[ 
https://issues.apache.org/jira/browse/PHOENIX-5743?page=com.atlassian.jira.plugin.system.issuetabpanels:all-tabpanel
 ]

Kadir OZDEMIR updated PHOENIX-5743:
-----------------------------------
    Attachment: PHOENIX-5743.4.x-HBase-1.3.001.patch

> Concurrent read repairs on the same index row should be idempotent
> ------------------------------------------------------------------
>
>                 Key: PHOENIX-5743
>                 URL: https://issues.apache.org/jira/browse/PHOENIX-5743
>             Project: Phoenix
>          Issue Type: Bug
>    Affects Versions: 5.0.0, 4.14.3
>            Reporter: Kadir OZDEMIR
>            Assignee: Kadir OZDEMIR
>            Priority: Critical
>         Attachments: PHOENIX-5743.4.x-HBase-1.3.001.patch, 
> PHOENIX-5743.master.001.patch
>
>          Time Spent: 20m
>  Remaining Estimate: 0h
>
> It is possible that two or more read repairs can work on the same row. 
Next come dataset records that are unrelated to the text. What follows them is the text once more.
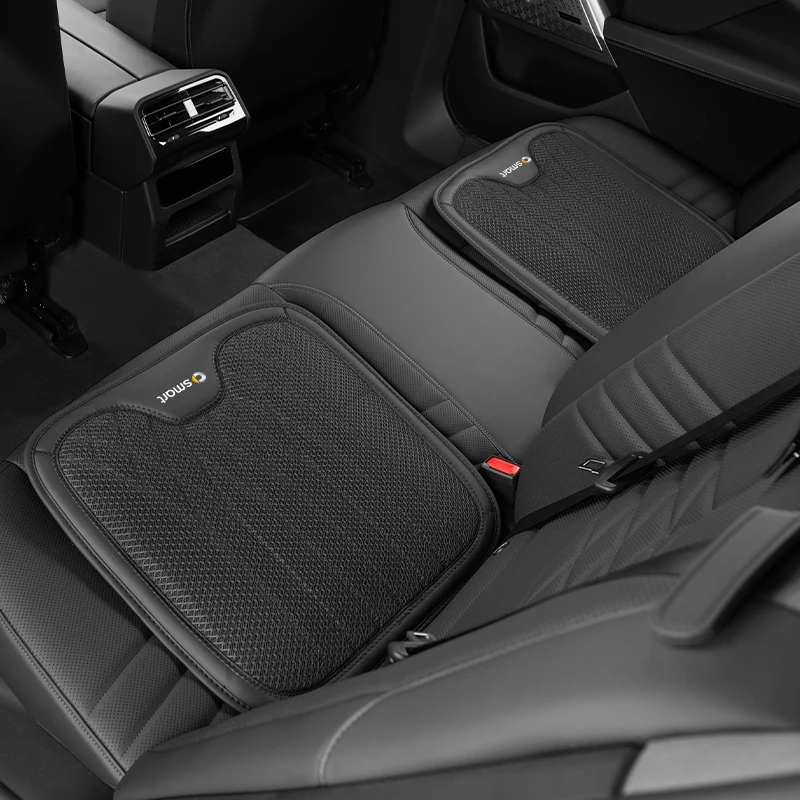 Car Ice Silk Seat Cushion Breathable Seat Cover Anti-Slip Pad Interior For Smart Fortwo 451 450 453 EQ Forfour Coupe Cabrio C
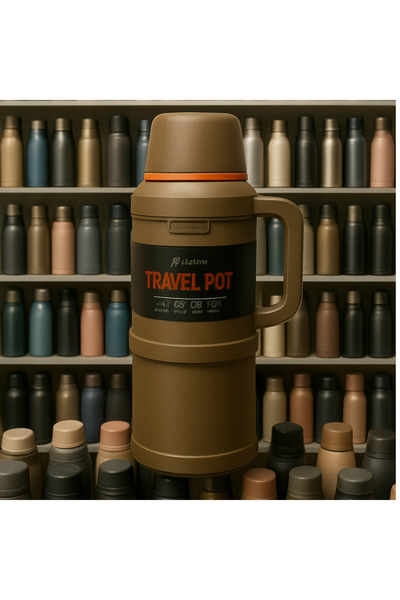 travelpot 4L 48 Saat Sıcak/Soğuk Koruyan Kamp Termosu | Aile ve Piknik Termos...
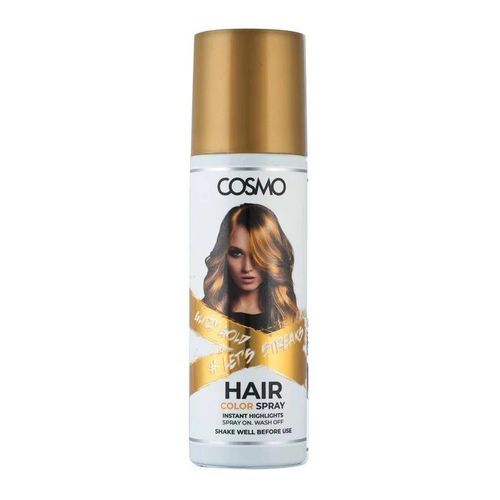 Cosmo Glitzy Gold Temporary Hair Colour Spray-100Ml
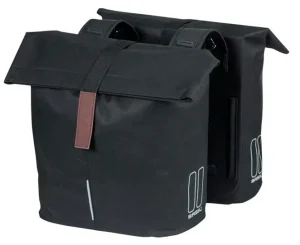 basil city double bag black 28 32l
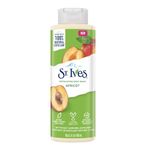 St. Ives Exfoliating Apricot Body Wash/Shower gel For Women| 100% Natural Extracts | Cruelty Free | Paraben Free |473ml, White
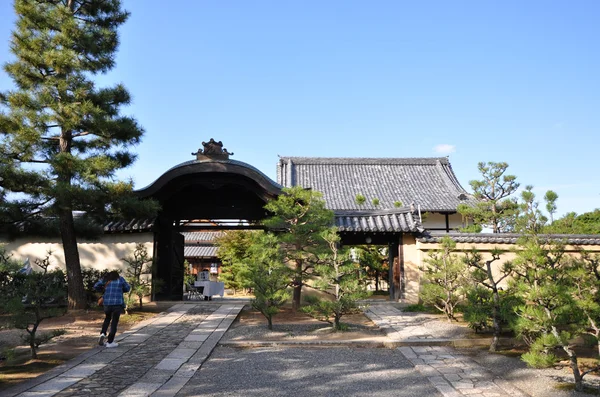 Daitokuji (Daitoku-ji) Tapınağı. Budist zen Tapınağı Rinzai sch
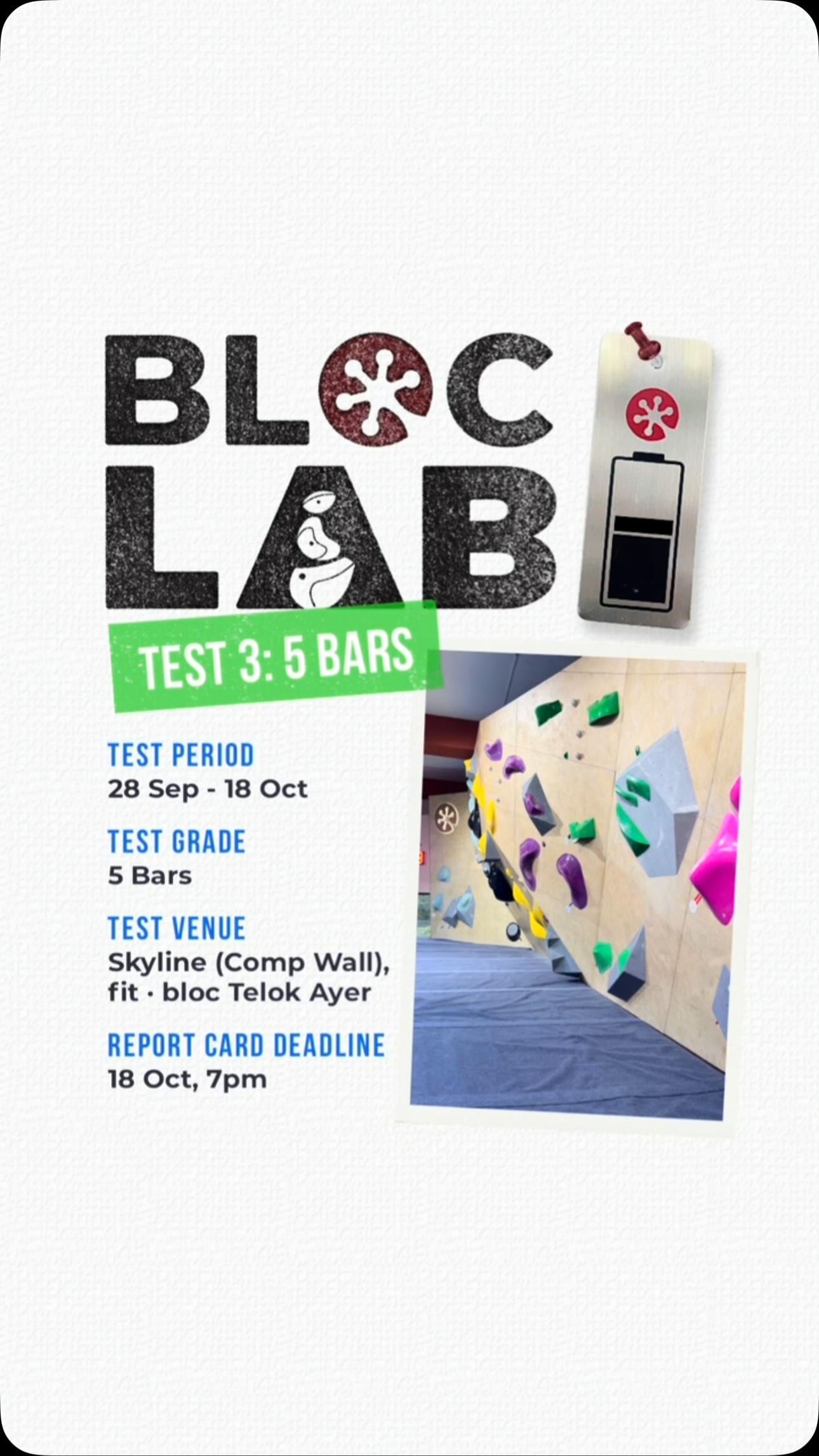 BlocLab Test 3: 5 Bars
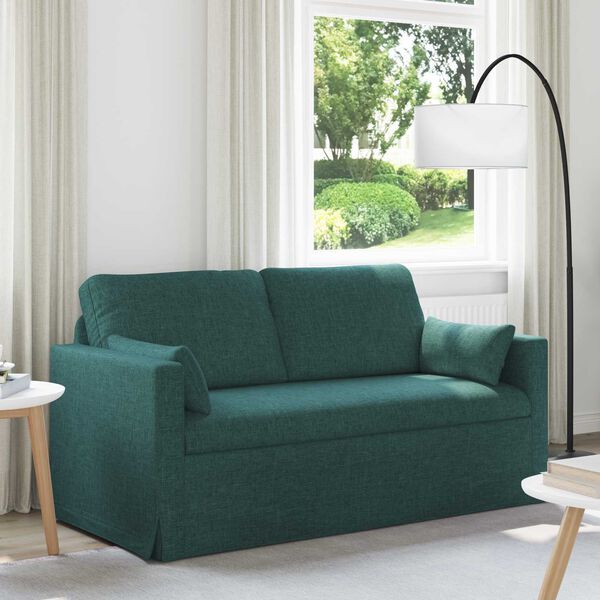vidaXL Divano Verde Scuro 158 x 78 x 80 cm Tessuto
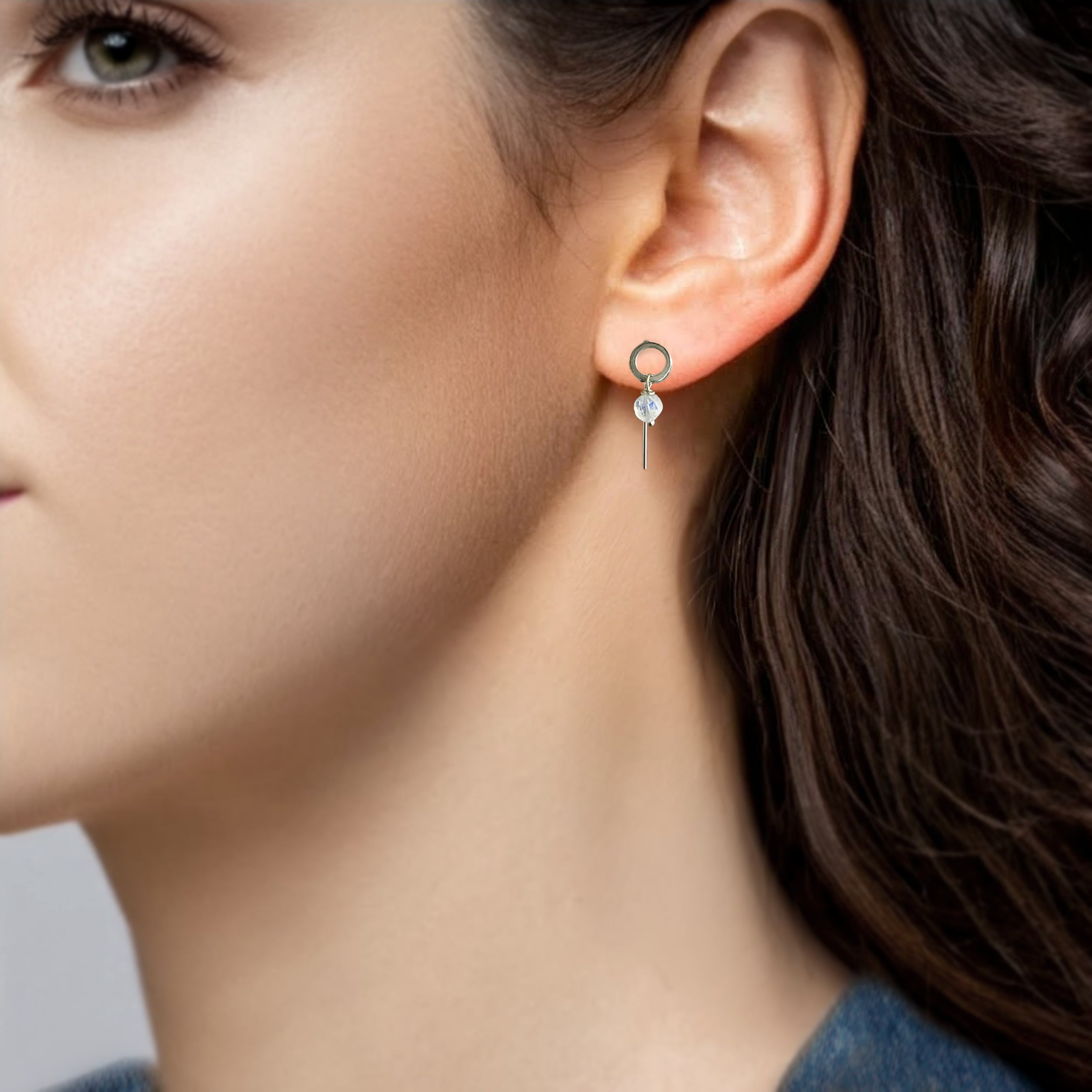 Mila Moonstone Earring – A handcrafted earrings by Alysian.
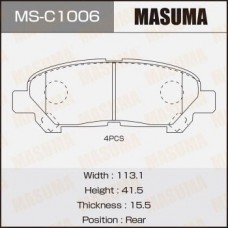 MSC1006 MASUMA Колодки гальмівні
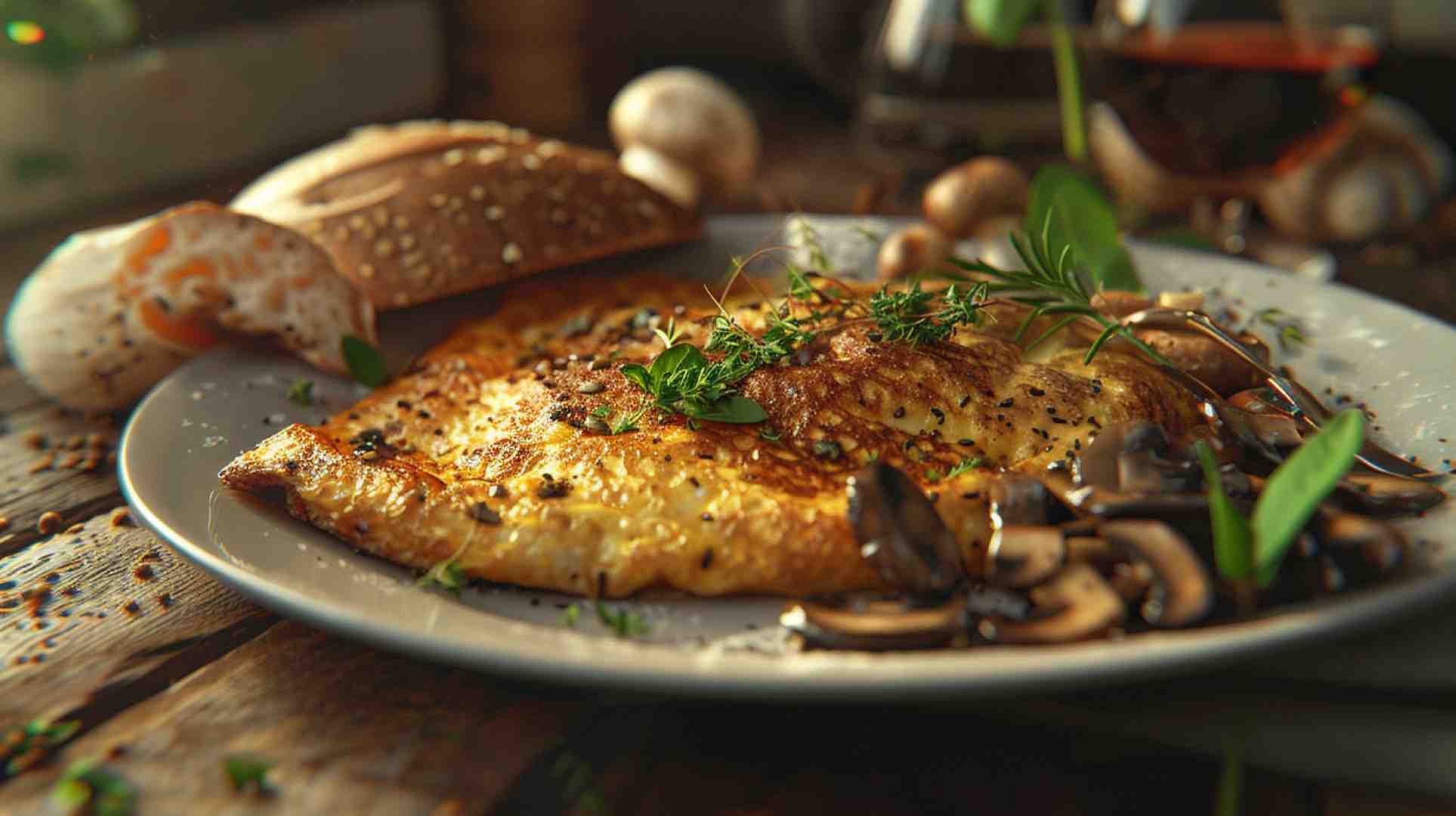 Wild Mushroom Fancy Omelette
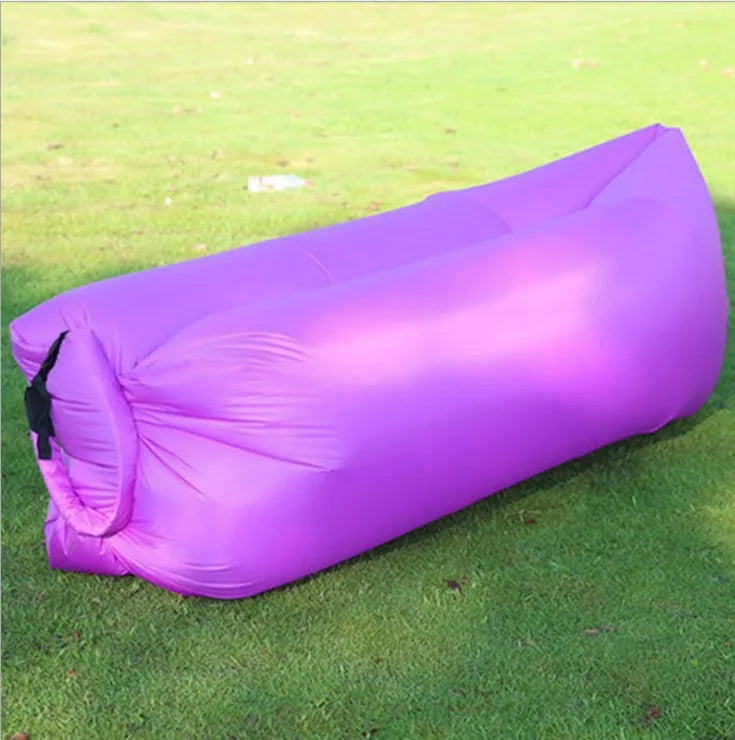 Canapé gonflable air sofa de plage et camping – avec sac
> Regardless of how many read repairs concurrently happen on this row, the end 
> result should be the same.  The current implementation does not satisfy this 
> property in one case. This can happen with the following steps:
>  # An update on a data table row fails due to the data table row write 
> failure (the phase two write). Since the phase 1 (unverified index write) has 
> completed here, this leaves an unverified row in the index table.
>  # Two (or more) concurrent queries on this table scans this unverified index 
> row. 
>  # Each query triggers a separate read repair activity.
>  # The first one deletes the unverified row correctly.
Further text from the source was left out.